• _WORK ORDER_
Retype each line of the data below exactly, beginning with the first and ending with the one that contains "Ein Stück gebratenes". Pictures do not belong in the copy.

• _GIVEN DATA_

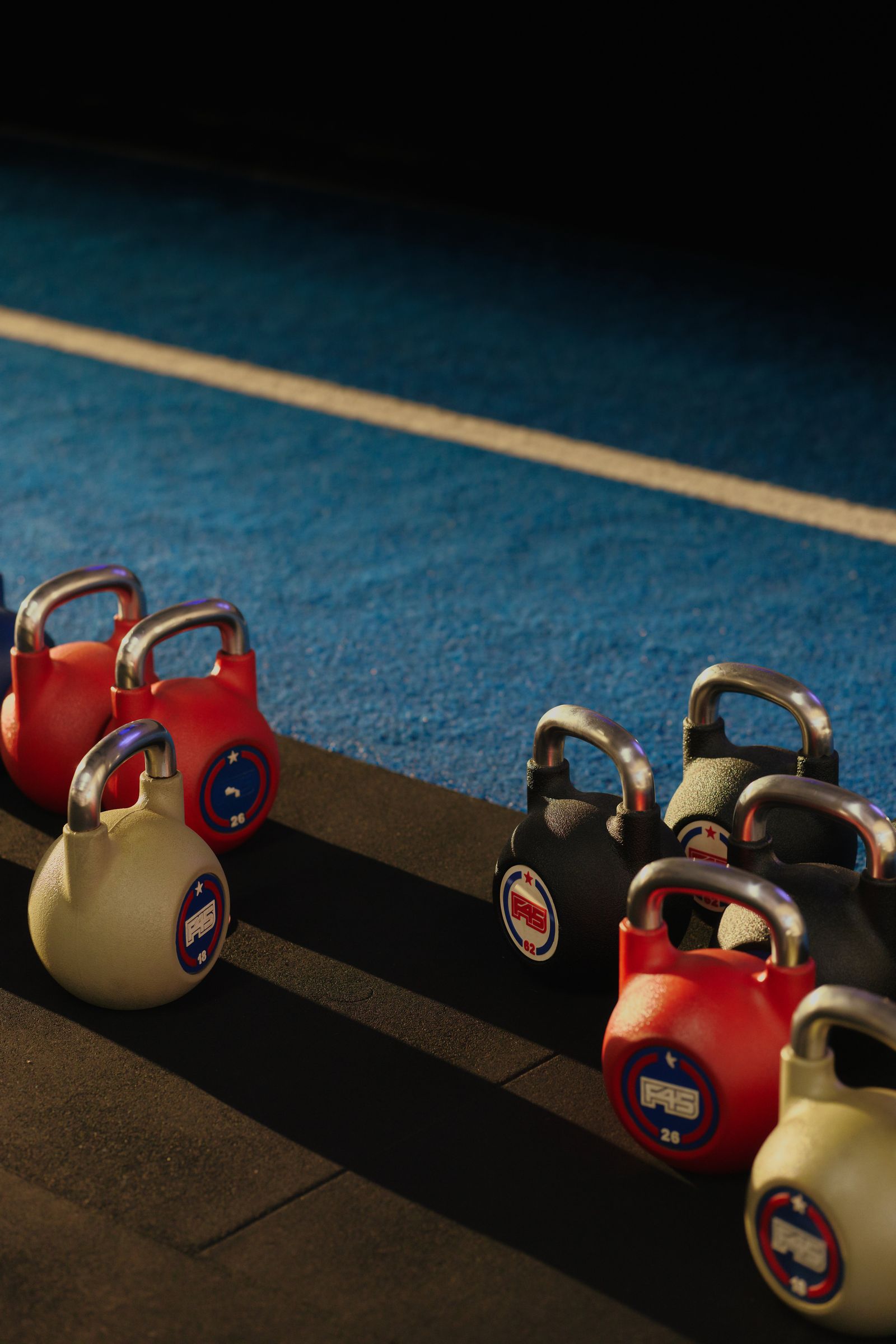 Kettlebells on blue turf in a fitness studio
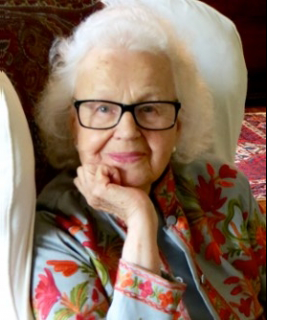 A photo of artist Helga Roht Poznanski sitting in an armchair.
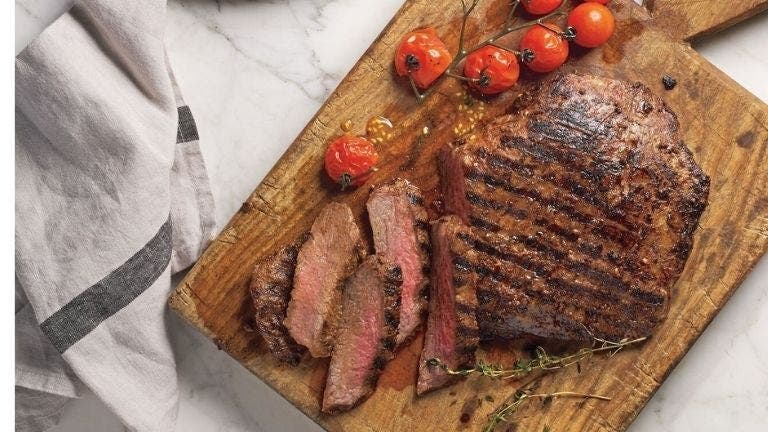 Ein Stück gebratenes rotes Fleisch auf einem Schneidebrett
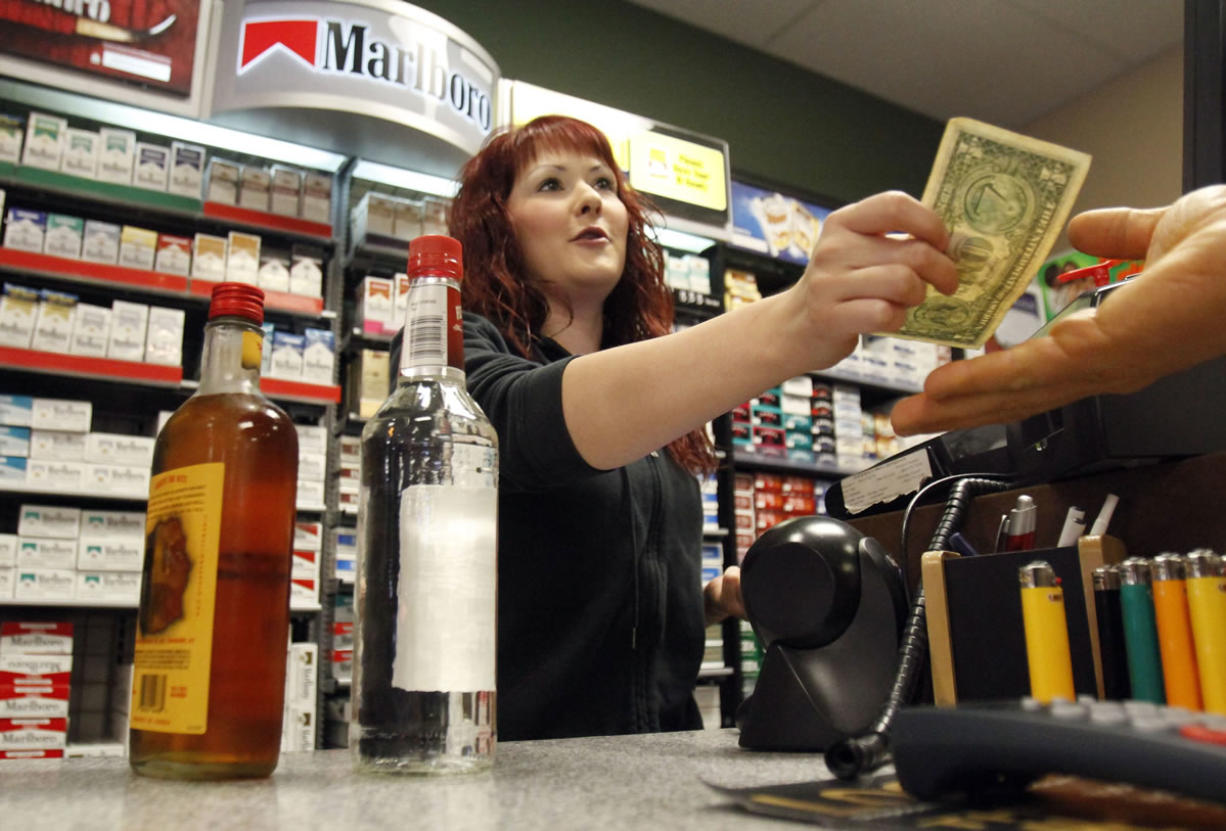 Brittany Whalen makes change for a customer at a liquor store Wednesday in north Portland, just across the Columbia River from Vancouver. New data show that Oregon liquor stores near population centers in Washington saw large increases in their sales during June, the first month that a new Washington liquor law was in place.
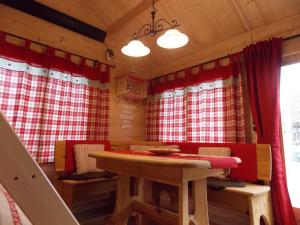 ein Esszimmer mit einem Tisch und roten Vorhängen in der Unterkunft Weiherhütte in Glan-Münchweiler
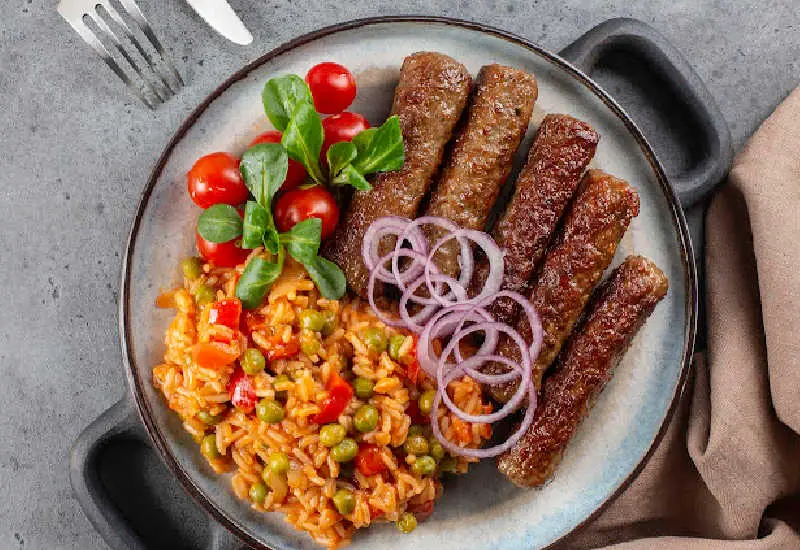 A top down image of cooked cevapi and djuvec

• _RESULT OF THE TASK_
 Kettlebells on blue turf in a fitness studio
 A photo of artist Helga Roht Poznanski sitting in an armchair.
 Ein Stück gebratenes rotes Fleisch auf einem Schneidebrett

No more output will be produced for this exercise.